Wichita police think this robbery is related to an earlier robbery just after noon on Friday at the Family Dollar Store, 936 S. Woodlawn, the release said. Three robbers in that case held up an employee at gunpoint and took money and cigarettes.

This was Wichita’s 44th homicide of 2018 and potentially the ninth stand-your-ground killing of the year, depending on the findings of an ongoing police investigation and a decision by the Sedgwick County District Attorney’s Office whether the use of force was reasonable.

Before Kansas’ stand-your-ground law passed in 2007, if there was an opportunity to escape violence, or a chance to retreat, a person had to make that the first option before using force.

That’s no longer the case. Kansas is one of many states where citizens have no legal duty to retreat from an attacker in any place where they are lawfully present. A killing is justifiable in Kansas when a person “reasonably believes” that the use of deadly force is “necessary to prevent imminent death or great bodily harm” to that person or a third party.

Under Kansas law, prosecutors can’t file charges against someone in a self-defense killing, which extends to third parties, unless the state can establish beyond a reasonable doubt that a person did not act in self-defense or in defense of a third party, Sedgwick County District Attorney Marc Bennett said.

Deciding whether a homicide is justifiable under stand-your-ground laws is “a robust process,” DA spokesman Dan Dillon said. The decision is based, largely, on evidence presented by detectives. Bennett calls it a “two-pronged approach.”

First, prosecutors have to decide if a person believed he or she had to act when using deadly force. Second, prosecutors consider if that belief was reasonable under the facts known to that person at the time of the killing, Bennett said.

Charges may be declined if the evidence is insufficient to establish beyond a reasonable doubt that a person acted in self-defense, Bennett said.

“In Kansas, we also have statutory self-defense immunity, which means a person is immune from being prosecuted at all if the state cannot establish that the person was not acting in self-defense,” Bennett said.

Halloran said Friday that shooter was at the checkout counter of the when the robbers entered.

“A customer was in line when four individuals came in at gunpoint and demanded money,” he said. “The citizen also got robbed and the citizen pulled a gun and shot at the suspects.”

Several shots were reportedly fired, but it is unknown whether the suspects returned fire, Halloran said.

At least one of the suspects was shot and was still at the crime scene when officers arrived.
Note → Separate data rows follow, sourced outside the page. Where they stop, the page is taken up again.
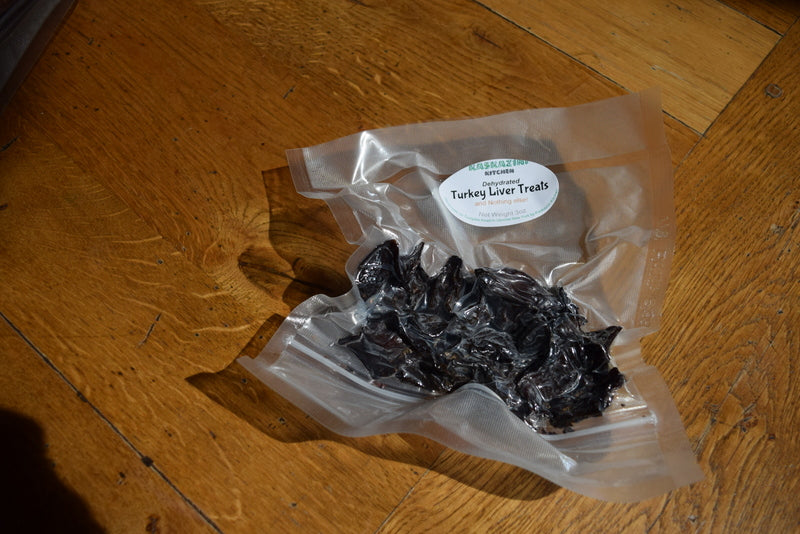 Turkey Liver (1.5oz) image 0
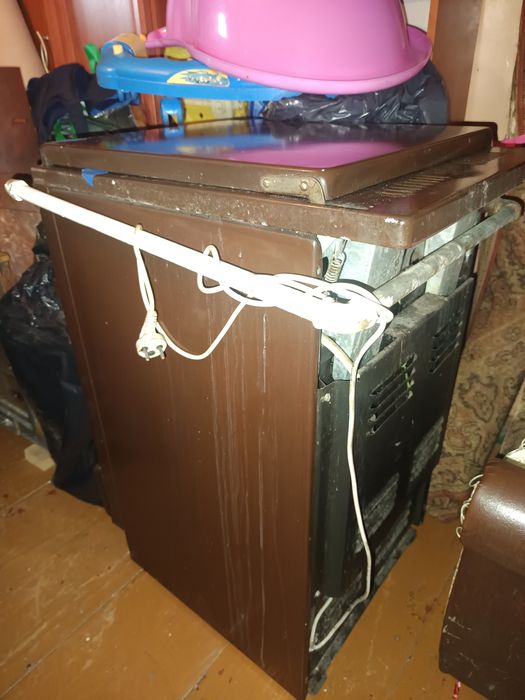 Kuchenka gazowa sprawna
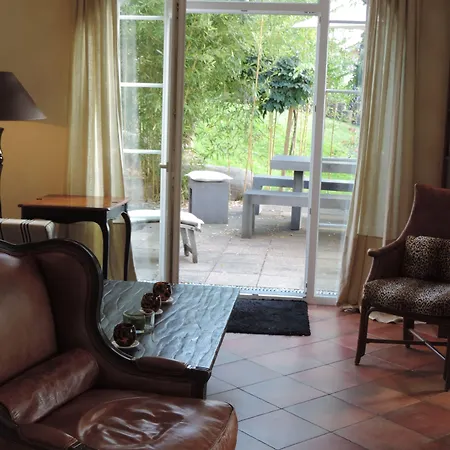 Park-villen Apartment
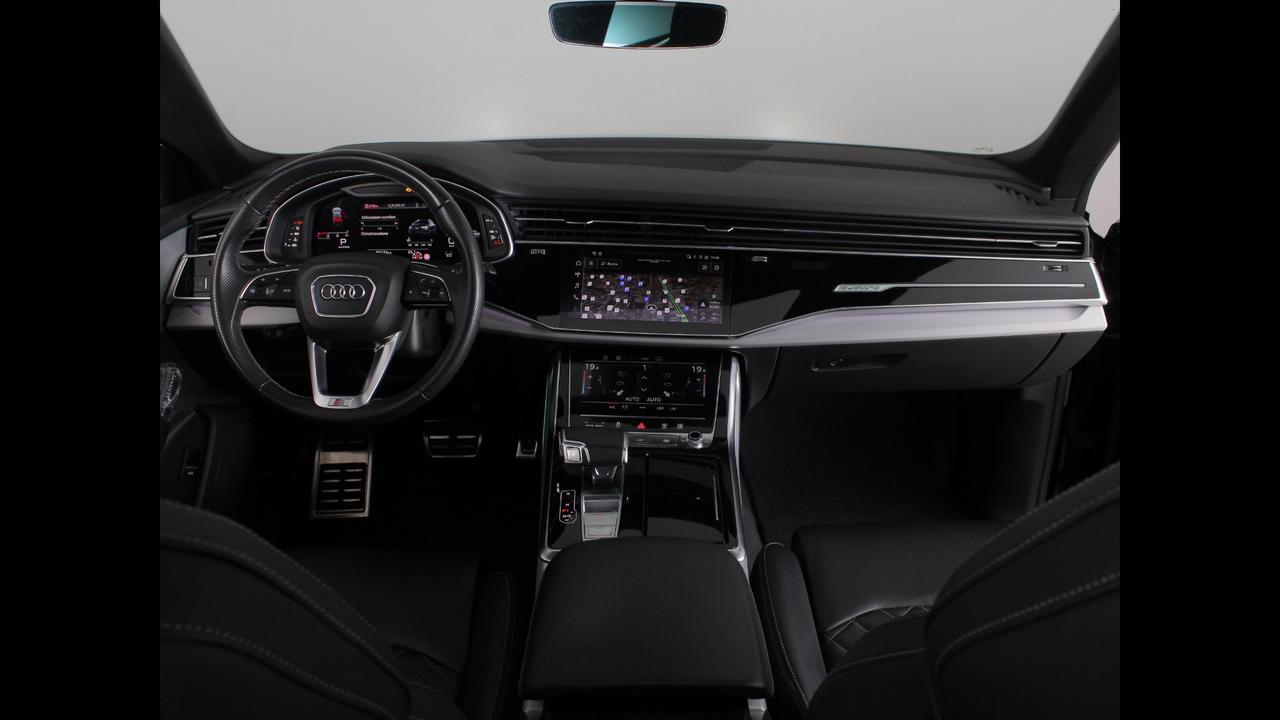 AUDI Q8 I 2018 - Q8 50 3.0 tdi mhev Sport quattro tiptronic
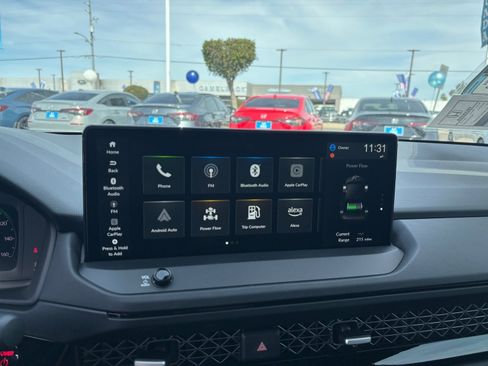 New 2026 Honda Accord Sport image 16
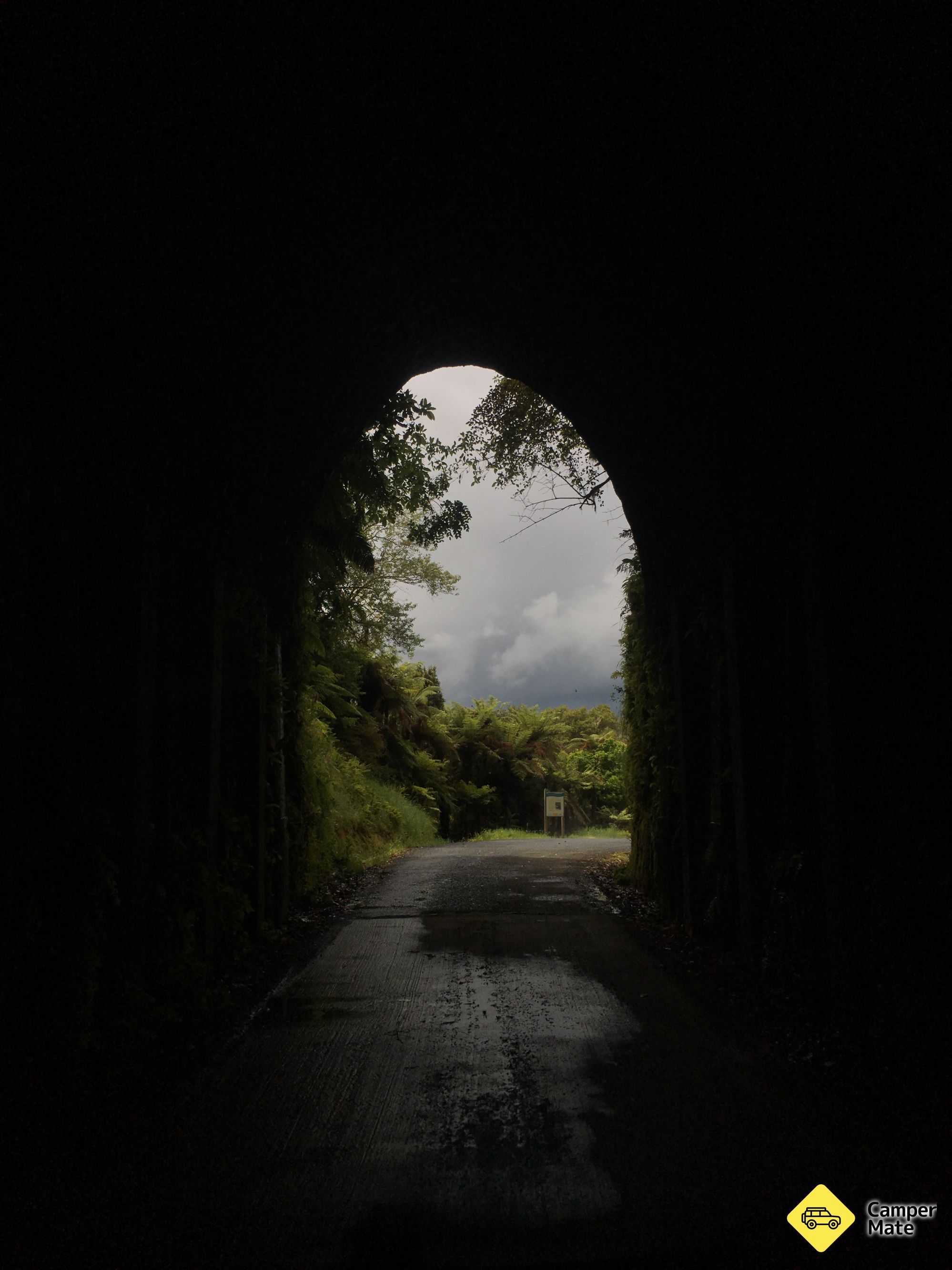 Makahu Tunnel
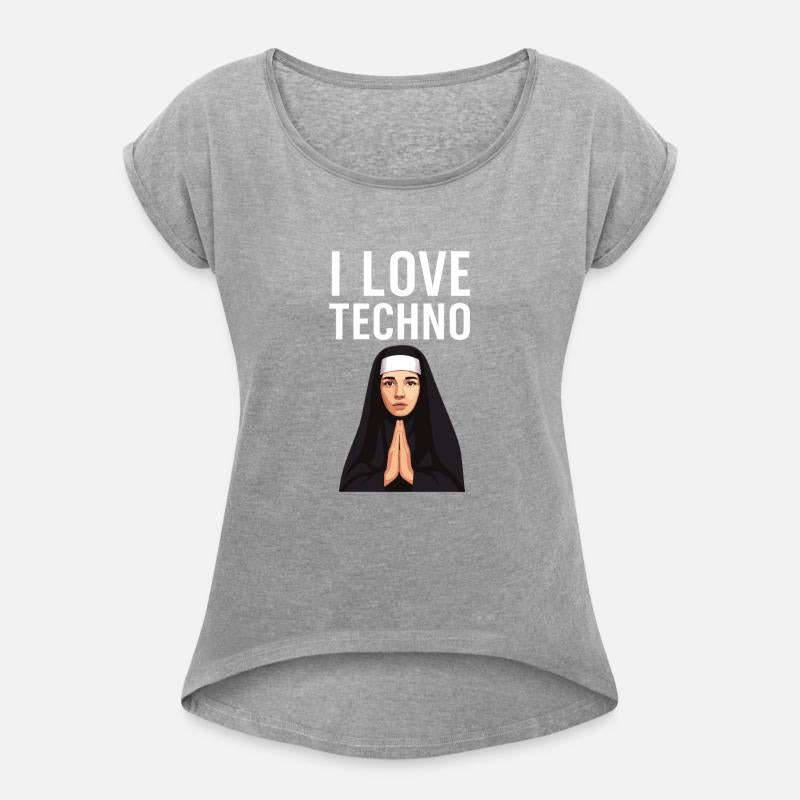 I Love Techno – Pray for the Drop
He was taken to a hospital in critical condition after he was shot once in the head, Halloran said.

The three other suspects — described by police as young males — were last seen running east on 31st Street South. They were not arrested as of Saturday afternoon.

The customer who fired the shots was not injured and is cooperating with police, as are other witnesses, Halloran said. The robbers took the customer’s wallet and cash from the store.

“In our state here in Kansas, we do have open carry and carry concealed,” Halloran said. “So individuals breaking the law may never know when someone in line at a store, in this example, (has a gun). That’s what happened in this case.”

Seneca is a busy street, Halloran said, and it is unknown whether the crime was relevant to the area. The suspects may have picked a business at random, he said.